Preparing Your Dog for a New Baby

Lamaze, parenting classes, prenatal yoga…don’t forget the dog. Whether you are expecting or already have a baby at home, preparing the family dog and knowing how to identify when the dog is stressed can help prevent a possible bite. As a professional dog trainer, I love to see families and dogs living in harmony. Here are a few tips to prepare for the baby and to keep those kids safe!

Exercise and Enrichment
Before you were expecting, you already had a kid (a fur kid that is). Often the concern is that the dog will be jealous or simply that you will have less time to spend with Fido. There is a great solution for that! As much as possible, try to maintain an exercise routine with the dog- walks, trips to the park. When family comes to visit, extra walks or fetch time are a great help. Dog walkers or dog daycare can also be another option to keep your dog well exercised and tuckered.

Also if Fido has been grazing from a dog bowl, get interactive toys that dispense kibble or treats to keep the dog stimulated.

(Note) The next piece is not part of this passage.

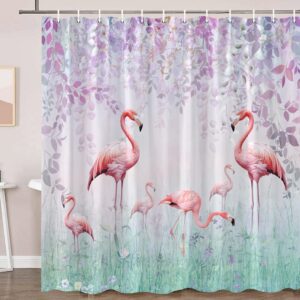 Xnichohe Pink Flamingo Shower Curtain Tropical Jungle Animal Purple Flower Vine Leaves Fairytale Magic Fog Forest Polyester Cloth Fabric Bathroom Curtains Decor Set with Hooks,70 x70 Inches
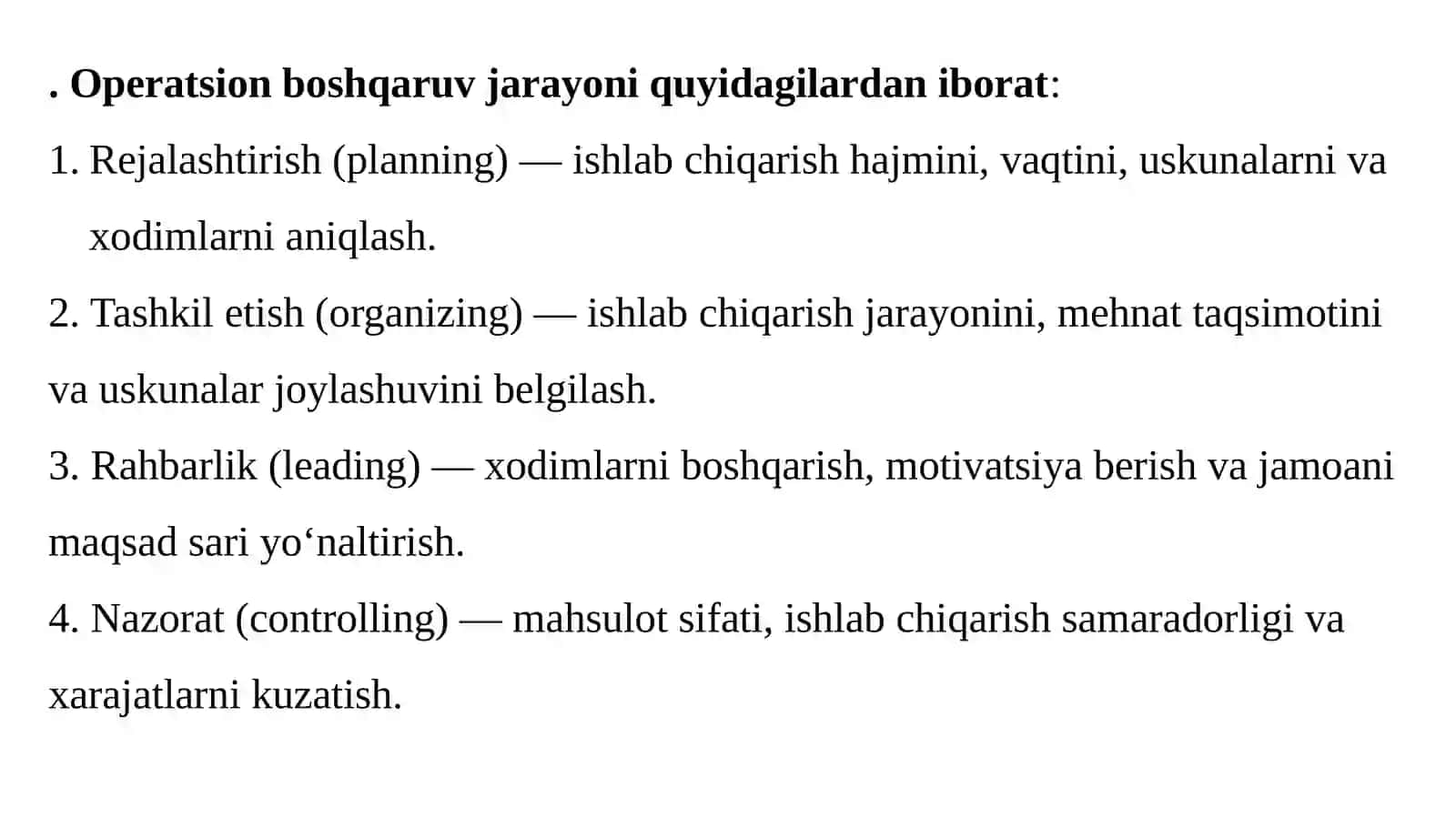 ISHLABCHIQARISH VA OPERATSIYALARNI BOSHQARISH 3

Check out for great treat dispensing toys. Do keep in mind that any dog is more likely to guard resources like toys or chewies from children.

Preparing for Baby
New babies are very interesting to most dogs, they have a unique smell, sound and movement that the dog may or may not have experience before. A great way to acclimate a dog to the noise of a baby crying (which can be stressful for people and dogs) is to get a CD called “Sounds of Baby”. You can play the CD softly for a few minutes and reward the dog with treats. Play the CD for extended periods at louder levels every few days. Even crying isn’t so bad!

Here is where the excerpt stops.